Can a 'Zero Trust' Approach Work in the Supply Chain?Experts From Cisco, Microsoft Discuss Third-Party Security
For years, enterprises have struggled with securing their supply chains, trying to reduce the pervasive risks in an increasingly interconnected world. Now, it's time to try a "zero trust" approach, specialists from Cisco and Microsoft told Information Security Media Group in an interview at the RSA 2020 conference in San Francisco.
Edna Conway, vice president of global security, risk and compliance at Microsoft Azure, and Wendy Nather, the head of advisory CISOs at Cisco, said enterprises should start redefining how they apply the concept of "trust" to their third-party suppliers.
Over the years, the platform economy, exemplified by companies such as Amazon, Airbnb, Uber and others, has taken hold across the globe. As a result, companies are not always sure who they are dealing with and the amount of opacity within the supply chain has increased, Conway says.
These developments, Conway says, are one reason why the dialogue around supply chain security should be changing and why different approaches are needed. "For those of us that make things, whether they are tangible goods or services, we have an end-to-end 'value chain.' ... We're still talking about supply chain security as if it's something new that hasn't been tackled," Conway says.

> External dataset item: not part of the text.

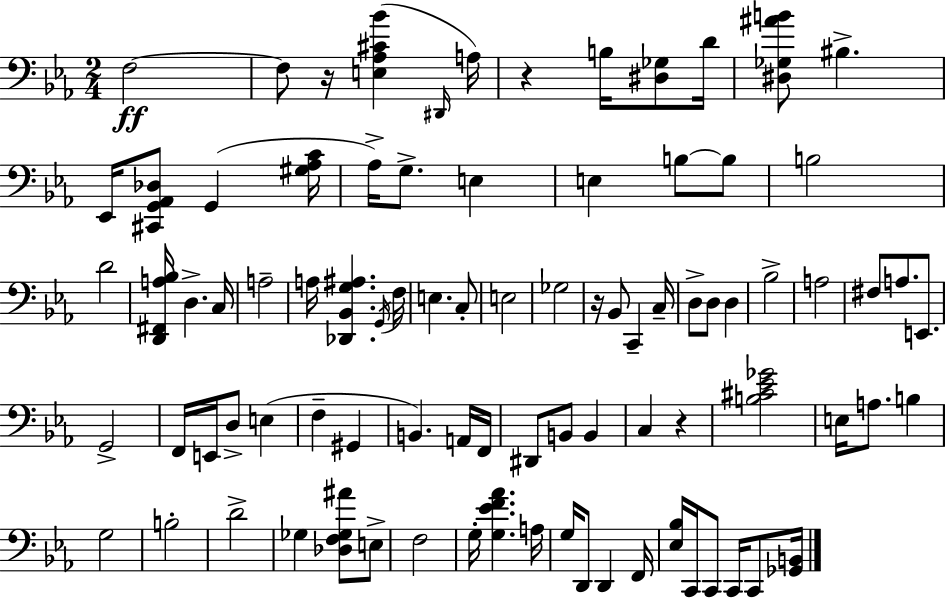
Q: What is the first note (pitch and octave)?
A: F3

Conway says that security teams should be considering what methods of building trust across the full spectrum of the third-party ecosystem will prove most effective, while acknowledging that it's not possible to know everyone or trust everyone within the ecosystem.
Reducing threats to U.S. supply chains has been listed as one of the top priorities for 2020 by the National Counterintelligence and Security Center, the agency that leads counterintelligence efforts for the U.S. Protecting the supply chain includes identifying high-risk software vendors and other firms selling technology services to American firms and government agencies, the center states (see: US Counterintelligence Outlines 5 Key Priorities)

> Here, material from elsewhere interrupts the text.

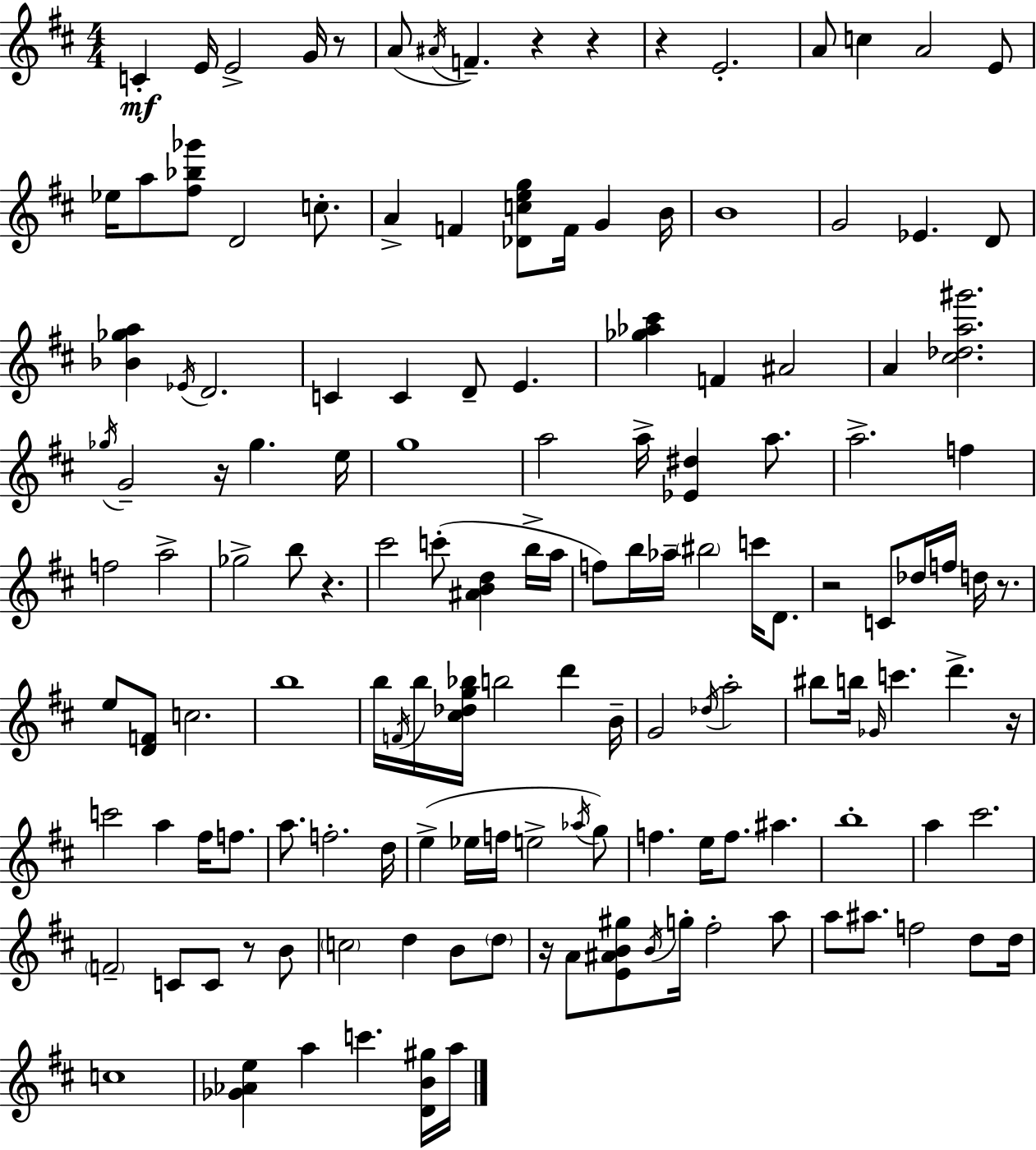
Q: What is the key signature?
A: D major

'Zero Trust' and Supply Chain
Companies now have to clarify the basis on which they are going to trust third-party providers and agree on the right people and technologies to trust, according to Conway.
While it's not possible to know everything about all the firms that make up the value chain, Nather says that companies have determine whether their security is good enough. And while Nather would prefer a different term, the concept of zero trust can help businesses better consider their approach third-party risk.
"If you have a user with a device, you can say: 'Look, I don't care what you do with your device until you come to access our resources, and then we care a whole lot and we're going to set up requirements that you have to meet. But until then, we don't need to know the rest of what you are doing.'"
Enterprises used to be able to control more of the supply chain process, but now there are more third-party and even fourth-party vendors taking control of bits and pieces of the supply chain from the earliest stages, Nather says.
"Now we have this economy where people are taking over control of slices and you cannot see things underneath anymore, she says. "So you have to trust - and that means you have to decide on what basis you're going to trust."
The basis for trust needs to be defined more explicitly, whether it's through a questionnaire with probing questions or by conducting additional verification at the point of execution for a transaction.